19 aprile 2024
Aggiornato 06:00
Giorgia Meloni a testa bassa contro il Premier

«Renzi taglia la sicurezza, ma non taglia gli impresentabili»

La leader di Fratelli d’Italia denuncia l'insufficienza di uomini, strumenti e risorse finanziarie a disposizione delle forze di polizia. Intanto Berlusconi punta al tris

ROMA - «Le mosse del governo mettono a rischio la incolumità delle forze dell’ordine e quella di tutti i cittadini, oltre a determinare gravissime ripercussioni negative sul controllo del territorio ed il contrasto della criminalità». Giorgia Meloni punta il dito contro i tagli alla sicurezza e sceglie la via dell’interrogazione parlamentare per denunciare quello che definisce come un attacco alla sicurezza dei cittadini.

MELONI: BASTA TAGLI ALLA SICUREZZA - Ma il segretario di Fratelli d’Italia interviene anche sulla vicenda degli impresentabili, bacchettando il presidente del Consiglio che, secondo quanto ha riferito il candidato del Pd in Campania, avrebbe rassicurato Vincenzo De Luca sulla possibilità che la legge Severino sbarri la strada ad una eventuale investitura dell’ ex sindaco di Salerno alla presidenza della regione.

IL PREMIER È SOPRA LA LEGGE? - «Renzi garantisce De Luca sulla legge Severino?
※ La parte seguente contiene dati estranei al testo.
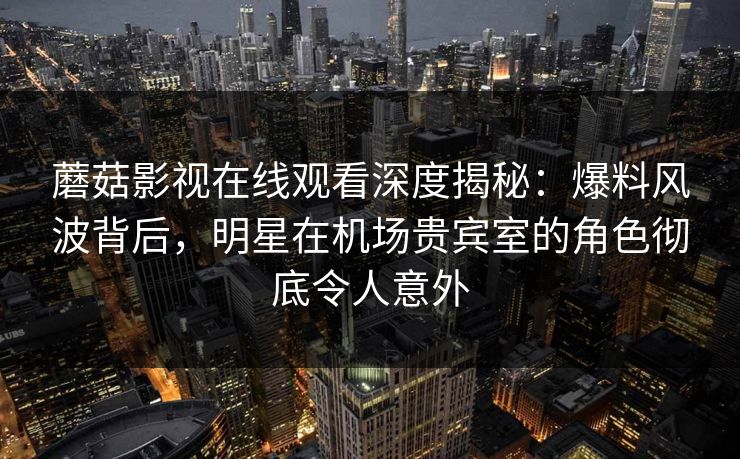 蘑菇影视在线观看深度揭秘：爆料风波背后，明星在机场贵宾室的角色彻底令人意外
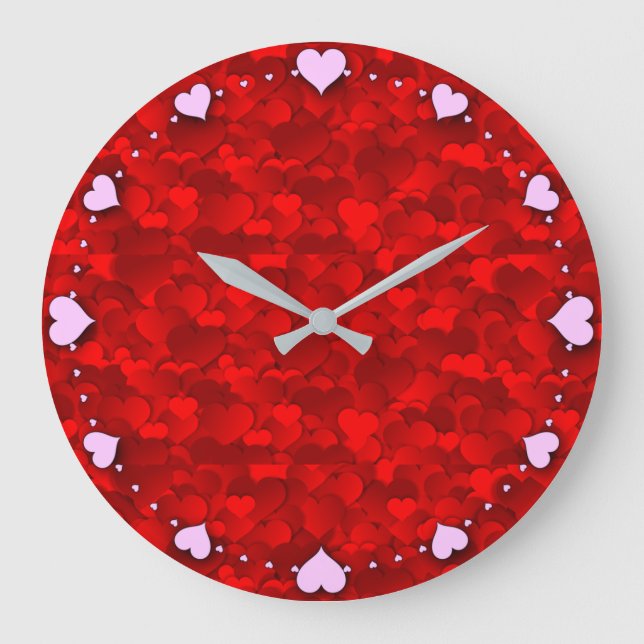 Romantic Red Love Hearts Texture Pattern-19909 Large Clock (Front)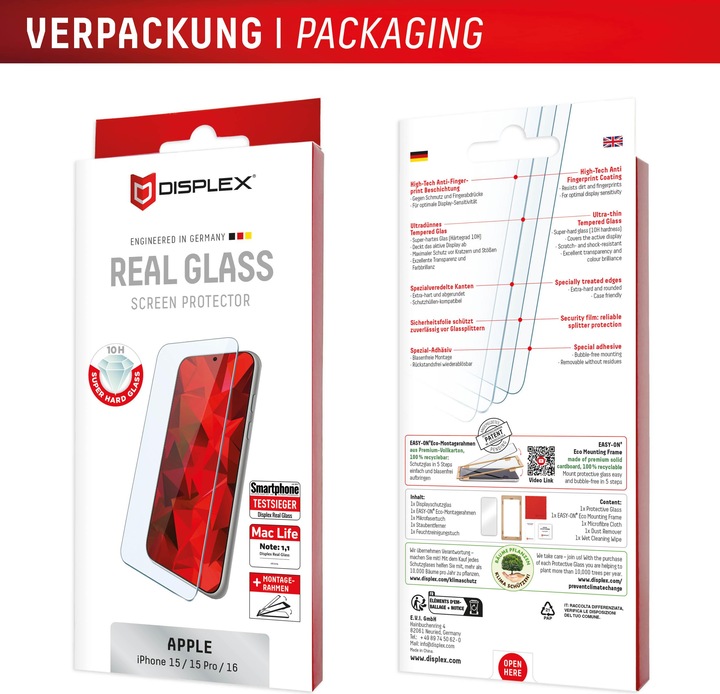 Actual product image Displex Real Glass, 2D Panzerglas (1 Piece, Apple iPhone 16)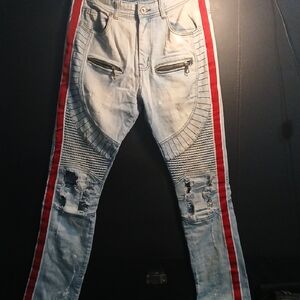 Stylish Light Blue Skinny Jeans with Red Stripes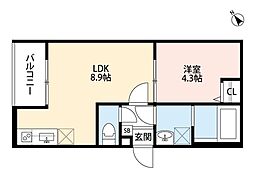 おおさか東線 衣摺加美北駅 徒歩7分の賃貸アパート 2階1LDKの間取り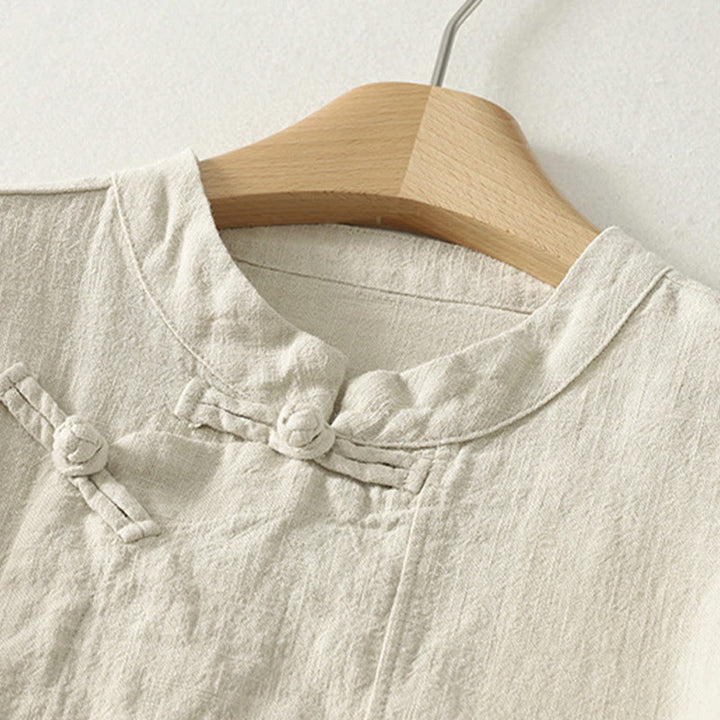 Camicia da donna a maniche lunghe con bottoni a rana e stampa Buddha Stones, casual e semplice - image 11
Mi sono persa una riforma costituzionale che pone il premier al di sopra della legge?». È quanto scrive su Twitter Giorgia Meloni. Intanto, per restare nel campo del centro destra, Silvio Berlusconi appare ringalluzzito dai sondaggi sull’esito delle regionali e non esclude che si possa ripetere quello che successe nel 2000 con D'Alema.

BERLUSCONI: VEDO IL TRIS - «Se facessimo un tris di vittorie in Veneto, Campania e anche Liguria, credo che una parte del Pd potrebbe costringere Renzi a dare le dimissioni e noi potremmo chiedere le elezioni per tornare ad essere un Paese veramente democratico», ha affermato il leader di Forza Italia durante una conferenza stampa a Genova.

REMEMBER D’ALEMA? - «Se vincessimo in Liguria - ha aggiunto l'ex premier - la vedo brutta per il signor Renzi. Potrebbe ripetersi - ha sottolineato - quello che era già successo nel 2000 quando io partii da Genova per la campagna elettorale e al governo c'era D'Alema e la nostra affermazione lo costrinse a dare le dimissioni. Non fummo noi a chiederlo ma - ha concluso Berlusconi - i suoi a imporglielo». L’ex Cavaliere ha poi rassicurato i suoi elettori che il rinnovato ottimismo che esibisce in questi giorni non è frutto di sogni o intuizioni, ma è sostenuto «dalle cifre che provengono dai sondaggi».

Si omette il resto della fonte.